Manchmal kann dieser Richard von Gloster einfach nicht anders. Dann setzt er sich mit Ohrstöpseln an sein Schlagzeug und hämmert drauflos. Das übertönt das Todesröcheln seiner Opfer, die derweil im Tower liquidiert werden, sorgt aber auch für den nötigen Frustabbau. Und Frust hat der Mann zur Genüge, den Regisseur Roger Vontobel uns in seinem Shakespeare-Projekt „König Richard der Dritte“ in Bochum vorstellt. Äußerlich ist das zwar kaum mehr die missgebildete Kreatur mit Buckel Shakespeares, dafür scheint der unscheinbare Typ innerlich vollkommen verknotet.
Vontobel will uns in seinem fast vierstündigen Abend, diesen Richard aufschließen, der so gern König sein möchte anstelle des Königs und für dieses Ziel so ziemlich alle beseitigt, die ihm dabei gefährlich werden könnten. Durch den dominanten Auftritt von Paul Herwig in dieser Rolle lernen wir jemanden kennen, dem das Morden schon in jungen Jahren als selbstverständlich vorgeführt wurde, der es gerne sauber hat um sich herum und sich deshalb auch nicht scheut, ständig den Dreck der anderen wegzuräumen. Im Grunde scheint sein Vernichtungswahn vom Verlangen befeuert, endlich allein sein zu können.
Das Böse in Richard wird erklärbarer
Um dies alles aufzublättern, beginnt der Abend deshalb auch mit Szenen aus „Heinrich VI.“. Das englische Parlament ist unter diesem schwachen König vom Zerfall gekennzeichnet, da brauchen der alte York und seine drei Söhne in adretten „Y“-T-Shirts eigentlich nur noch einzumarschieren, um den Laden zu übernehmen.

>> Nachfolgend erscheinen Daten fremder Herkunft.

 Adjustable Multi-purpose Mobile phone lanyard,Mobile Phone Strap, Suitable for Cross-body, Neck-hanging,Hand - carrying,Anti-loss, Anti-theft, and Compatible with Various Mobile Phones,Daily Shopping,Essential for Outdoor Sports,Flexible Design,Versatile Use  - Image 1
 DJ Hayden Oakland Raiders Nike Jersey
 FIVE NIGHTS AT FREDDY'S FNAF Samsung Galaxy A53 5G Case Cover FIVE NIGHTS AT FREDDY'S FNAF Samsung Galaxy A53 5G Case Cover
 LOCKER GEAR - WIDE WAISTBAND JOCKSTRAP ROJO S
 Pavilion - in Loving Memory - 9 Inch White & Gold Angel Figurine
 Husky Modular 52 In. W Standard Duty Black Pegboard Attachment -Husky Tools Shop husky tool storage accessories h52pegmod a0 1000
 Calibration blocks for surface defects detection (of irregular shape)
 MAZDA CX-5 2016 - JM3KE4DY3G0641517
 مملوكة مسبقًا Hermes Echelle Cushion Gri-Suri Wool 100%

In solchen Momenten erinnert Vontobels bildersatte Inszenierung an modernes Gangstertum und an Bandenkriege, wo Auftragskiller den Rest besorgen. Natürlich bleibt Richard selbst hier das menschliche Ungeheuer, das die eigene Ehefrau ebenso abschlachten lässt wie Bruder und unschuldige Kinder. Aber das Böse in ihm wird bei Vontobels Ansatz erklärbarer, Richard bleibt nicht mehr unfassbar, das Drama wächst so über das reine Leichenzählen weit hinaus.
Wackelnde Videobilder auf Holzvertäfelung
Wenn dieser Todesfürst am Schluss in einem Leichenberg schier unterzugehen droht, dann ist dieser lange nachhallende Schluss auch eine Entschädigung für all die wackelnden Videobilder, die, auf braune Holzvertäfelung projiziert, wie Relikte aus der Steinzeit des Mediums anmuten.
Die Schauspieler wirken real viel besser: Felix Rech als kränkelnder König Eduard IV. ebenso wie Jana Schulz als taffe Königswitwe Margaret oder Therese Dörr als Eduards Gattin Elisabeth. Das Bochumer Schauspiel hat mal wieder was zum Vorzeigen.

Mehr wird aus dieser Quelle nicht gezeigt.